In Nairobi fällt am kommenden Sonntag die Entscheidung, welche Stadt nach
dem Ausfall Londons die Leichtathletik-Weltmeisterschaften 2005 austragen wird.
Das Council des Welt-Leichtathletik-Verbandes IAAF hat die Wahl zwischen sechs
europäischen Metropolen: Berlin, Brüssel, Budapest, Helsinki, Moskau
und Rom. „Gewinnen wird die Stadt, die die besten Bedingungen
bietet“, schrieb IAAF-Generalsekretär Istvan Gyulai kürzlich im
IAAF-Magazin.
„Was ich mit absoluter Überzeugung sagen kann“, so der
ungarische Generalsekretär Istavn Gyulai weiter, „ist, dass diese
Entscheidung so objektiv wie möglich gefällt wird.“ Das muss in
der Tat im Interesse der IAAF sein, schließlich ist für den
Welt-Verband ein Erfolg dieser Titelkämpfe ungeheuer wichtig.
Objektive Fakten sollen also zählen. Und so darf man gespannt sein, ob
sich das IAAF-Council zum Beispiel nach dem Londoner Rückzug erneut auf
eine Bewerbung einlässt, die einen Neu- beziehungsweise Umbau des Stadions
erst nach der Entscheidung noch vorsieht. Das Risiko erscheint angesichts des
kurzen Zeitraumes von nur gut drei Jahren recht hoch. Dieser Punkt müsste
für die Berliner Bewerbung sprechen. Hier steht in rund zweieinhalb Jahren
das dann wohl modernste Leichtathletik-Stadion weltweit. Und auch Trainings-
und Aufwärmstadien müssen nicht erst später gebaut werden.
London hatte ursprünglich den Zuschlag für die WM 2005 bekommen,
um die sich eigentlich auch Berlin bewerben wollte. Doch aufgrund eines
Versäumnisses verpasste man damals die Deadline für die Bewerbung.

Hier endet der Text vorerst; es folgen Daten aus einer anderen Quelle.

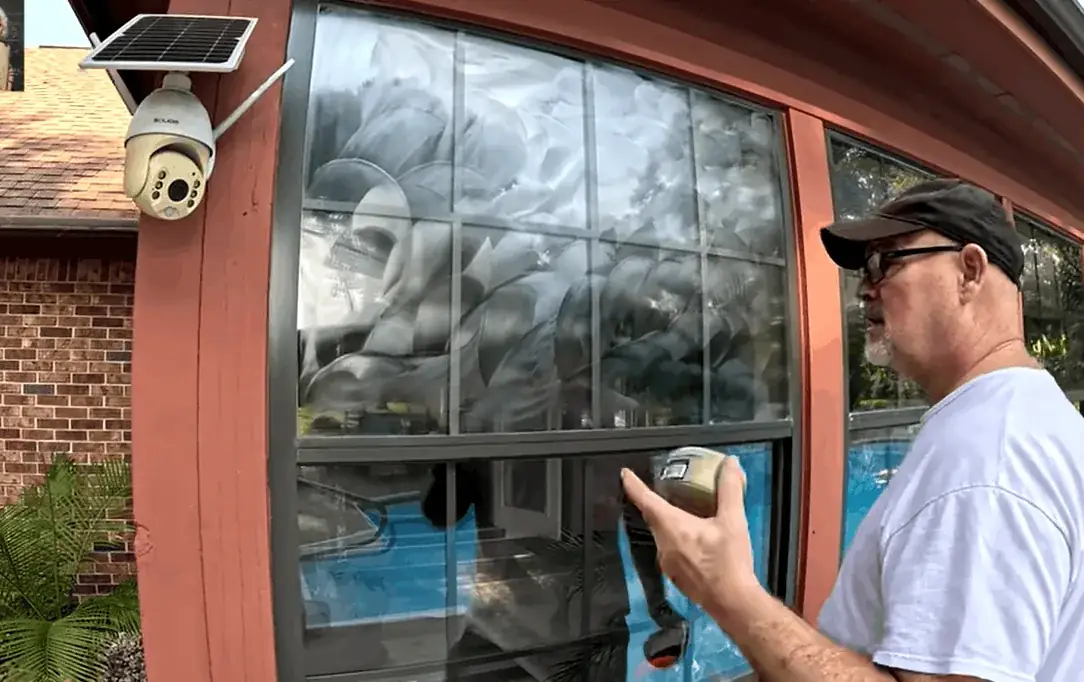 Awbrey Butte window washing Window cleaner holding a scrubber beside soapy panes on a red-trimmed house window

Einziger weiterer Bewerber war Melbourne. Die Engländer bekamen die WM,
während Berlin empfohlen wurde, sich für ein späteres WM-Jahr zu
bewerben. Lange suchten die Londoner nach einem geeigneten Stadion,
schließlich wollten sie im Nordosten der Stadt eine neue
Leichtathletik-Arena mit 43.000 Zuschauerplätzen bauen. Doch im
vergangenen Oktober ließ die britische Regierung das Projekt fallen. Es
wurde mit Kosten zwischen 150 und 180 Millionen Euro für zu teuer
befunden.
Die Berliner waren nach dem Londoner Aus die ersten, die eine Bewerbung
ankündigten. Während Brüssel, Budapest, Rom, Moskau und Helsinki
hinzukamen, verzichteten die Australier, da sie sich auf eine Bewerbung der
Stadt Perth für 2007 konzentrieren wollen. Gegen München und
Stuttgart setzten sich die Berliner in einer nationalen Entscheidung am 15.

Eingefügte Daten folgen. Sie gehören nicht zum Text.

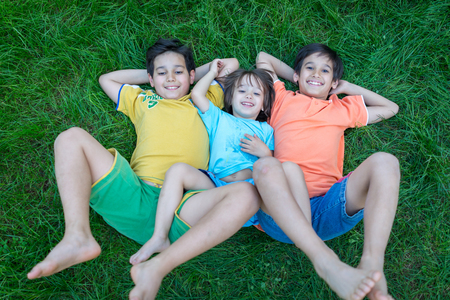 Group Of Cute Happy Children In Summer Lying On Green Grass With Feet Up Stock Photo Group Of Cute Happy Children In Summer Lying On Green Grass With Feet Up Stock Photo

Februar in Sindelfingen durch.
Die Wahl des Deutschen Leichtathletik-Verbandes (DLV) dürfte auch in
internationaler Hinsicht richtig gewesen sein. Denn Berlin (1987 gegen Tokio im
Rennen um die WM 1991 unterlegen, im Vorfeld von 1993 zu Gunsten von Stuttgart
verzichtet) ist spätestens seit den Weltmeisterschaften in Sevilla 1999
als potenzieller Austragungsort bei der IAAF im Gespräch. In seiner
eigenmächtigen Art hatte der zwischenzeitlich verstorbene
IAAF-Präsident Primo Nebiolo damals seine persönliche Reihenfolge
festgelegt: Paris, London, Tokio, Berlin. Paris und London bekamen die WM,
Tokio und Berlin blieben im Gespräch – auch unter dem neuen
IAAF-Präsidenten Lamine Diack. Es ist erst eineinhalb Jahre her, da gab
der Senegalese gegenüber Leichtathletik im Rahmen des ISTAF ein Interview,
in dem er unter anderem sagte: „Für 2009 sehe ich kein Problem
für Berlin. Wir wären froh, wenn hier in Berlin die
Weltmeisterschaften stattfinden könnten. Ich habe schon mit dem
Regierenden Bürgermeister Eberhard Diepgen darüber gesprochen. Ich
bin froh, dass die Laufbahn im Olympiastadion erhalten bleibt.“
Das Stadion ist der große Pluspunkt der Berliner Bewerbung. Eine
unterirdische Aufwärmhalle und eine Sprintgerade sind zwei Beispiele
für die topmoderne Arena, die 76.065 überdachte Sitzplätze haben
wird. Berlin überzeugt aber auch mit sehr guter Infrastruktur. Die
Hotelkapazitäten sind hervorragend, und für den IAAF-Kongress bietet
sich das Internationale Congress-Centrum (ICC) an.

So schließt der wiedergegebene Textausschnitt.